My Blueprint for sprinting with a cooldown

I’ve poked around to get a sprinting mechanic that lasts 5 seconds (Sprint Timer), goes on a 10 second cooldown (Sprint Cooldown Timer) and here it is:

Used variable types and names:

  1. float “SprintTimer”
  2. float “SprintCooldownTimer”
  3. boolean “isCoolingDown” (set to false by default)
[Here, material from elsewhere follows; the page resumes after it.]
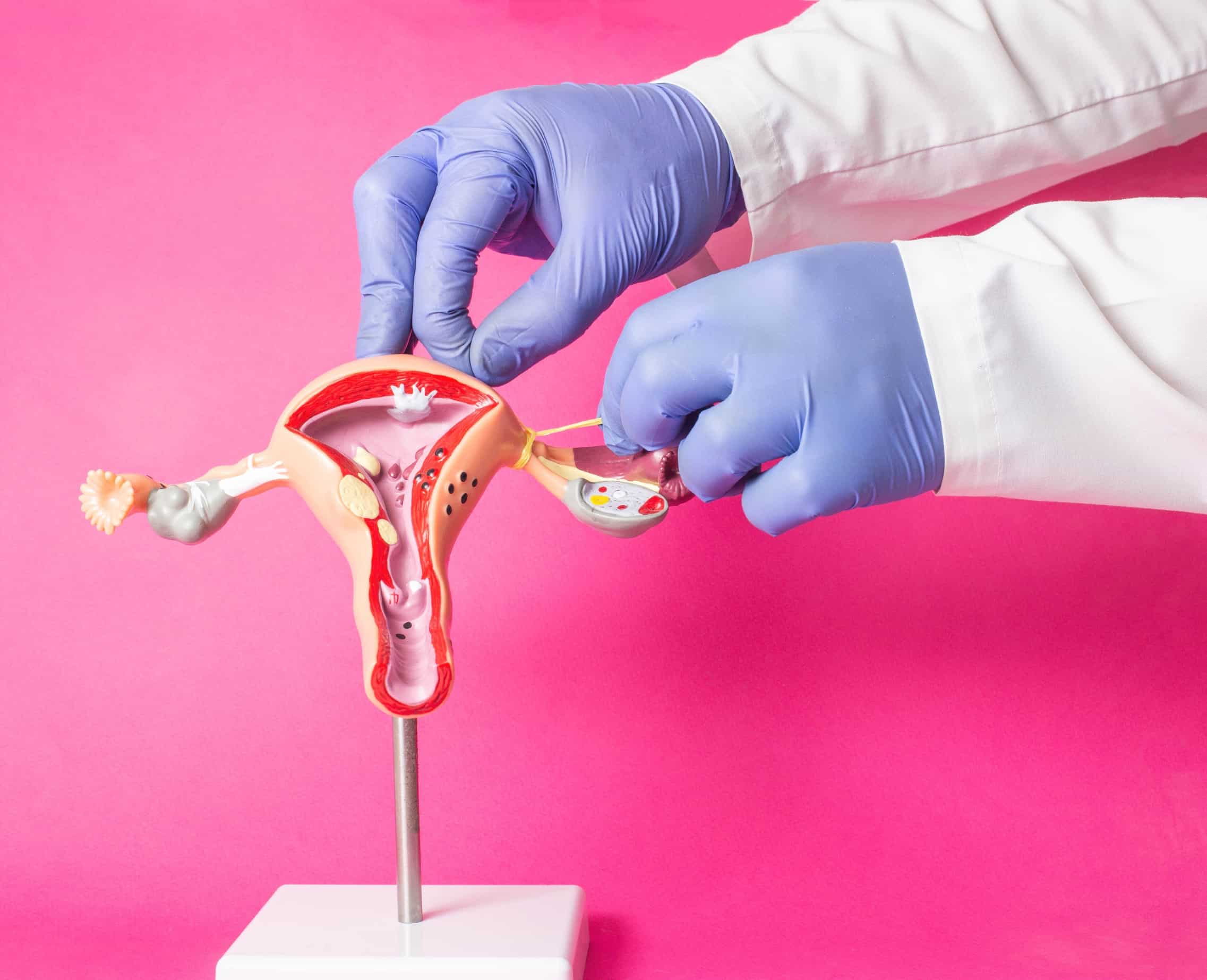 gynecologist demonstrating tubal ligatiion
The logic behind it assuming someone just pressed Left Shift and hasn’t sprinted beforehand:

  1. When Left Shift is pressed, go to the branch statement (aka: if statement)
  2. Check to see if the boolean “isCoolingDown” is true or false.
  3. Assuming that this is the first time someone is sprinting, the boolean is false by default and therefore, will sprint for 5 seconds (the 5 second delay that utilizes SprintTimer).
  4. Once the 5 seconds of sprinting is up, set the cooldown to true (by setting isCoolingDown to true).
  5. IMPORTANT: You need to make sure that the sprint properly enters cooldown, that’s why there is another delay after the isCoolingDown is set to true. After this delay (which lasts 10 seconds because that’s the length of the sprint cool down ), set isCoolingDown to false.
  6. Once the player lets go of the sprint button and presses it again immediately, the player can thus sprint again.

http://i.imgur.com/mgyxeTV.jpg

If you’re reading this, you may be wondering: “But rayDawg, why didn’t you just connect the same variables multiple times such as the character movement variable instead of creating multiple copies??”

The answer is because I wanted to make this look as clean and understandable as possible so anyone can “get it” at first glance.

Not bad, but using delays like this an antipattern. It would be better to implement a FSM properly. It looks quite simple though, which is good.

I have no idea what is an FSM you’re referring to. I just thought someone would like to use this and improve upon it in some manner. There are still bugs to it, but it’s better than having no search results.

Take a look at the Gate element. You can find a nice example in the point and click project template in a Blueprint called “MyController”.